Inside the Cuda kernel you would implement the traversal code. Visionaray has lots of functions that you can benefit from and wouldn't need to have to write anew, but what functions you actually need to implement the actual traversal depends on your use case.

Just let me know if you need any help with this. If you think that certain functionality might be useful to add or the API may be changed somehow, please tell me. Visionaray is a relatively new library, the API has matured over the last two years, but the most dominant use case is image generation.

stephane-lb commented 8 years ago

Hi Stefan,

Thanks for your help looks cool ! I have lot of questions I am not sure if it comes from my misunderstanding of visonarray API or CUDA. Hope you will help me with them.

By looking at your example "multi_hit", I understood that visionarray provided a way to code by saying if CUDA is available do this, otherwise do that. I think I am going to do something like this. Could you confirm that the inheritance to viewer_type is not needed ?

Thanks for your help,

Stephane

szellmann commented 8 years ago

Hi Stephane,

Can I generate my rays on CPU and give them to CUDA ?

Absolutely. Extending the example from above, it would look smth. like this:

typedef basic_ray<float> R;

std::vector<R> h_rays;
// generate rays here

// copy to GPU
thrust::device_vector<R> d_rays(h_rays);

// now pass the rays to the kernel
trace_rays<<<...>>>(thrust::raw_pointer_cast(d_rays.data()));

I wasn't sure if you preferred ray generation on the CPU or the device, so I just showed the latter.

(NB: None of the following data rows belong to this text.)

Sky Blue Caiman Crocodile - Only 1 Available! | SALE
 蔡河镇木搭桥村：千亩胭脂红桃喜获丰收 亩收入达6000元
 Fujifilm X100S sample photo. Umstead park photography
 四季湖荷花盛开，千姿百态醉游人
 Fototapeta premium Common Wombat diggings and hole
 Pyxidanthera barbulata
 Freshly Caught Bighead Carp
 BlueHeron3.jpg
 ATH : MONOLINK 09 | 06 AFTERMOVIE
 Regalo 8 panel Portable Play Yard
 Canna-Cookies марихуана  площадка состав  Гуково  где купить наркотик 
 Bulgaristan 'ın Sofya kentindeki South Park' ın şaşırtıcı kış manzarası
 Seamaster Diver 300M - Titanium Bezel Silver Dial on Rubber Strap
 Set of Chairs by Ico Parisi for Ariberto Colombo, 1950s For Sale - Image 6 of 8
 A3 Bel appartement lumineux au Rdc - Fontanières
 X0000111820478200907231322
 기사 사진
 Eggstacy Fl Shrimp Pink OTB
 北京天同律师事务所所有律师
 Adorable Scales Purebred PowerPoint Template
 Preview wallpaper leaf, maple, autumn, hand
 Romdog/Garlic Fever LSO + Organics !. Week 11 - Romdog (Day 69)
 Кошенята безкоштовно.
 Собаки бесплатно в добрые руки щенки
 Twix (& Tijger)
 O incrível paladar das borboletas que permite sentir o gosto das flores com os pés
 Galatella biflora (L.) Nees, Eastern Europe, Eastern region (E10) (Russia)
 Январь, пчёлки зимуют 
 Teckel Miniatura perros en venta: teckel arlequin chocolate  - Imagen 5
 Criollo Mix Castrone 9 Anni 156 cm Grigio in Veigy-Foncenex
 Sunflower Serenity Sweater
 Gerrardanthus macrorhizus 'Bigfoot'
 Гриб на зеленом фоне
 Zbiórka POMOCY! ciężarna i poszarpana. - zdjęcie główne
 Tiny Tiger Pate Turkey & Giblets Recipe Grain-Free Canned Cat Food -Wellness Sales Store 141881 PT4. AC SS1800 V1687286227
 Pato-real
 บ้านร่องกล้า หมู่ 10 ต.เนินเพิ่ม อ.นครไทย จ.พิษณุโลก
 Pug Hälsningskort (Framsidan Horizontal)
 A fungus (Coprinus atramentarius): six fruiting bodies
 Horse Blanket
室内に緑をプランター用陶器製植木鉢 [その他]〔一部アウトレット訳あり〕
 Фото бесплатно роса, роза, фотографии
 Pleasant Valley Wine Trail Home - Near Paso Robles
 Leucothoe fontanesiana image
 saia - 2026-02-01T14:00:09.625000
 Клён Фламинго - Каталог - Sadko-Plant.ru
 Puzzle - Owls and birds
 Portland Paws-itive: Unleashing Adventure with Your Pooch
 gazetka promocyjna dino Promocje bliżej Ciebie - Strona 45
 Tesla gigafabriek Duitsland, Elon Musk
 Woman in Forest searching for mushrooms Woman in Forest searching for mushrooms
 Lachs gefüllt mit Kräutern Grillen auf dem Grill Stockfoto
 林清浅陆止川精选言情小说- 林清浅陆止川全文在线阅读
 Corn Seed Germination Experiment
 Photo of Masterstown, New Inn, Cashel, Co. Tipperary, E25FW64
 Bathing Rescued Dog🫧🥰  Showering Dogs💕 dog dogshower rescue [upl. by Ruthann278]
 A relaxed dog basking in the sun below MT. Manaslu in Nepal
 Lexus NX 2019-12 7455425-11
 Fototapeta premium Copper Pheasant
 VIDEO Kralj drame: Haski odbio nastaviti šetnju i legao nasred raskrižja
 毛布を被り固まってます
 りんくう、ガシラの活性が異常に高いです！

In the example you gave to me, I am not understanding how you send the mesh/BVH to the graphic card ?

I weren't sure how you stored the height field (triangles, texture with z-values, ...) so I made no assumptions on how your traversal might look. Since you mention BVHs, you probably have triangles? In that case, you basically build up a list of triangles, e.g. like so:

typedef basic_triangle<3, float> Tri;
std::vector<Tri> triangles(NumTriangles);

for (size_t i = 0; i < NumTriangles; ++i)
{
    // Triangles are stored in the format v1, e1, e2
    // not sure, this may change in the future, it's a bit odd..
    triangles[i].v1 = vec3(/*vertex one*/);
    triangles[i].e1 = vec3(/*vertex two*/) - triangles[i].v1;
    triangles[i].e2 = vec3(/*vertex two*/) - triangles[i].v1;
    // unique primitive id (mandatory for BVHs)
    triangles[i].prim_id = (int)i;
    // geometry id (optional, use e.g. as index into material lib)
    triangles[i].geom_id = <some int>;
}

EDIT: Outch, forgot to mention that each triangle needs a unique primitive id!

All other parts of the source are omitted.